» **Record set**

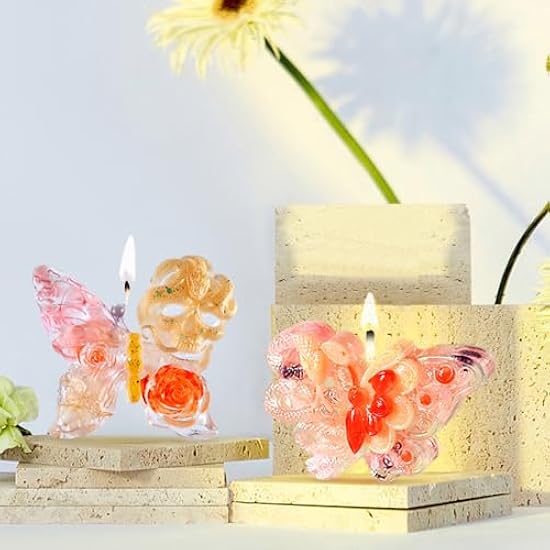 2 Stampi In Silicone Per Candele A Forma Di Farfalla Floreale - Per Resina, Sapone E Decorazioni Fai Da Te - Foto 7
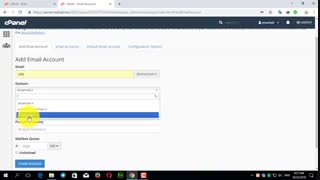 آموزش ایجاد ایمیل در سی پنل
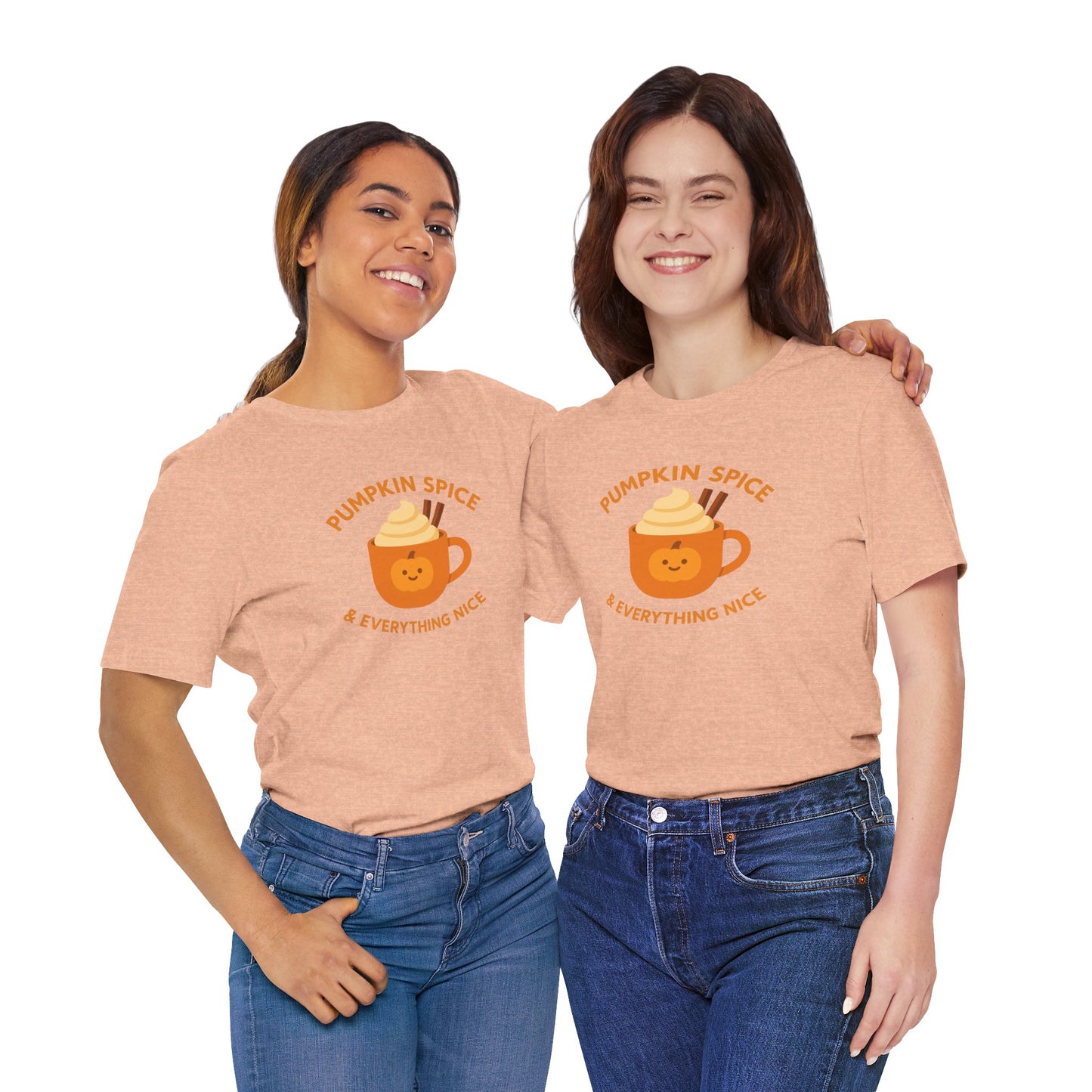 "Pumpkin Spice & Everything Nice" Fall T-Shirt, Autumn Fashion, Cozy Casual Wear, Pumpkin Lovers Gift, Seasonal Apparel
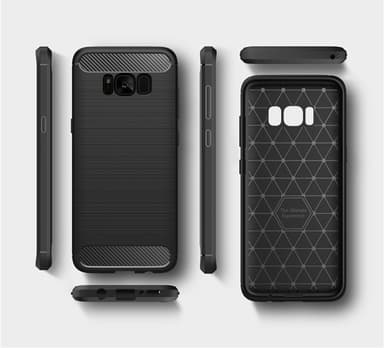 SKALO Samsung S8 Armor Carbon Stødsikker TPU-cover - Rød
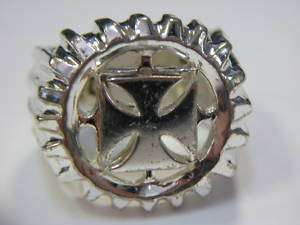 NEW No Fear Mens Iron Spinning Cross Ring sz 11  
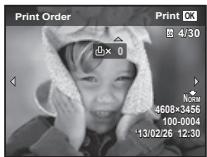 OLYMPUS VG-180 - Display the setup menu. - 1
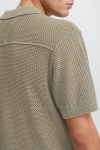 Solid Petri Knit Pullover Vetiver
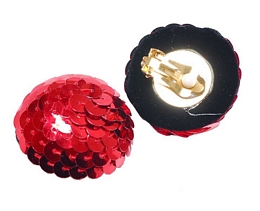 Fancy clip σκουλαρίκια με παγιέτες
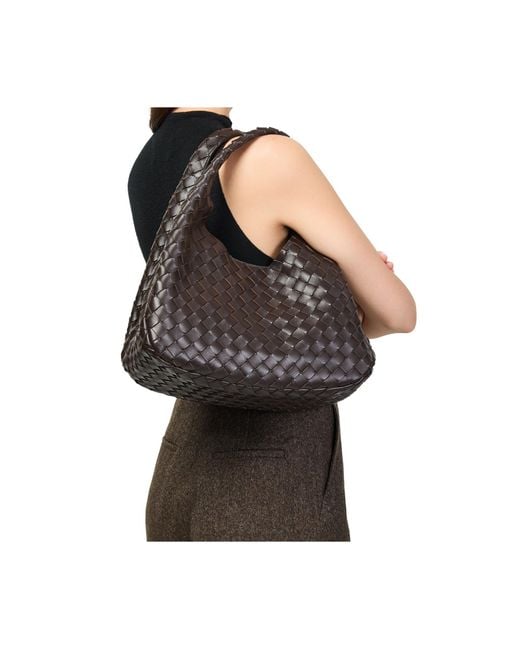 Bottega Veneta Black Campana Bag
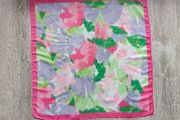 Colourful square scarf, 70 x 70cm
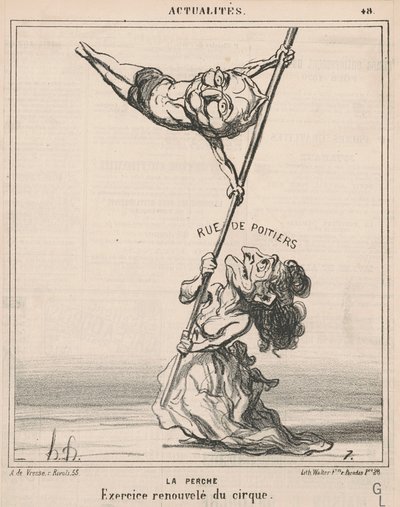 Der Hecht von Honoré Daumier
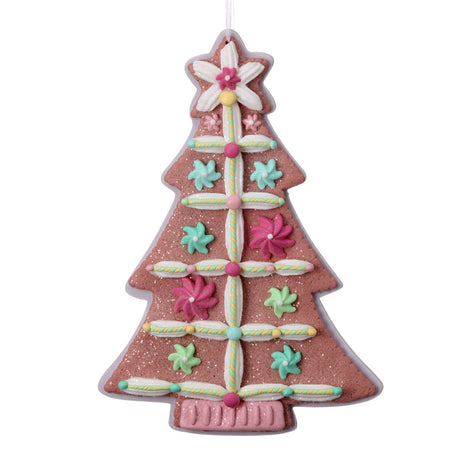 11" Claydough Iced Christmas Tree Gingerbread Ornament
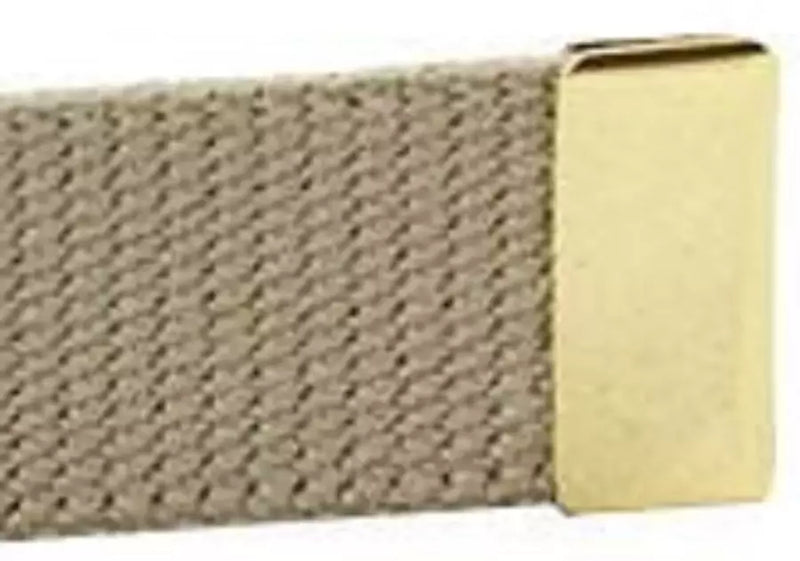 Brass Belt Buckle End Tip Durable Hardware for Belt Finishing - 1.25 x 3/8 in
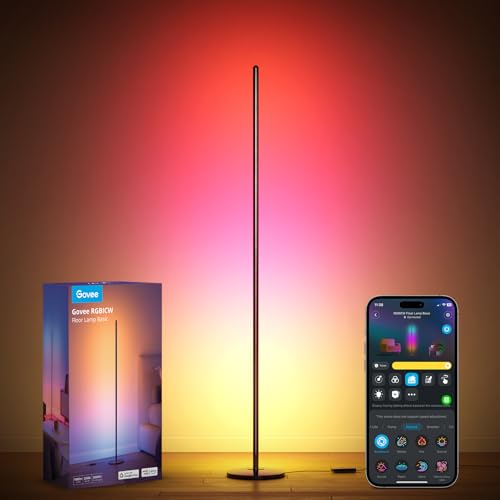 Govee RGBIC Floor Lamp Basic Review: Smart Lighting with Alexa & Music Sync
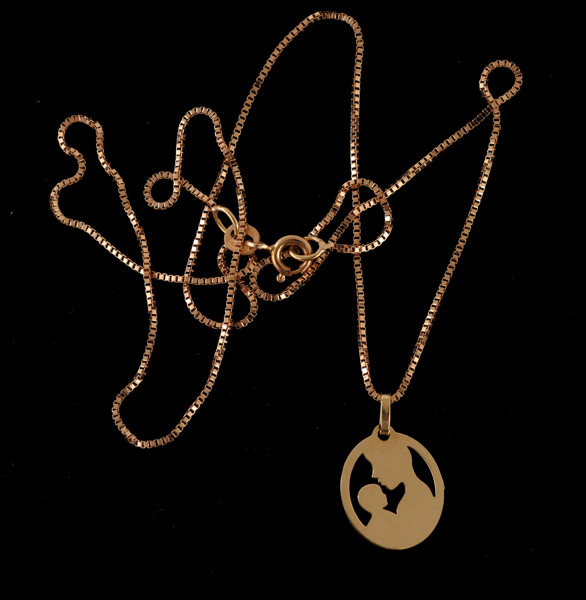 Halsband med hänge, 18k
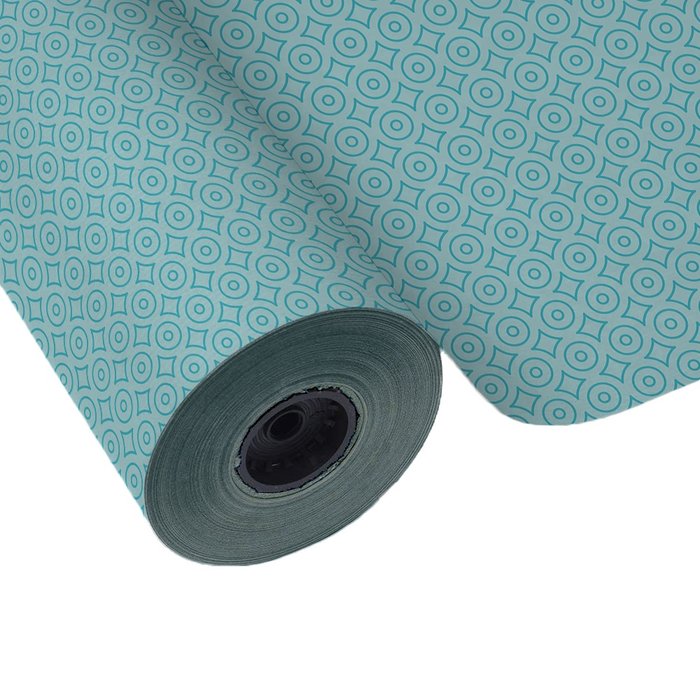 PAPEL REGALO BOBINA 62CM 4K GEOMETRICO CIRCULOS CELESTE | WONDER WRAPPER | 1 UNIDAD | 8429640022517 Imagen principal del producto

» **Problem to solve**
Find the line that contains "Der Hecht von Honoré Daumier" and repeat it, along with every line after it to the end of the data, exactly; drop the pictures.

» **Answer below**
 Der Hecht von Honoré Daumier
 11" Claydough Iced Christmas Tree Gingerbread Ornament
 Brass Belt Buckle End Tip Durable Hardware for Belt Finishing - 1.25 x 3/8 in
 Govee RGBIC Floor Lamp Basic Review: Smart Lighting with Alexa & Music Sync
 Halsband med hänge, 18k
 PAPEL REGALO BOBINA 62CM 4K GEOMETRICO CIRCULOS CELESTE | WONDER WRAPPER | 1 UNIDAD | 8429640022517 Imagen principal del producto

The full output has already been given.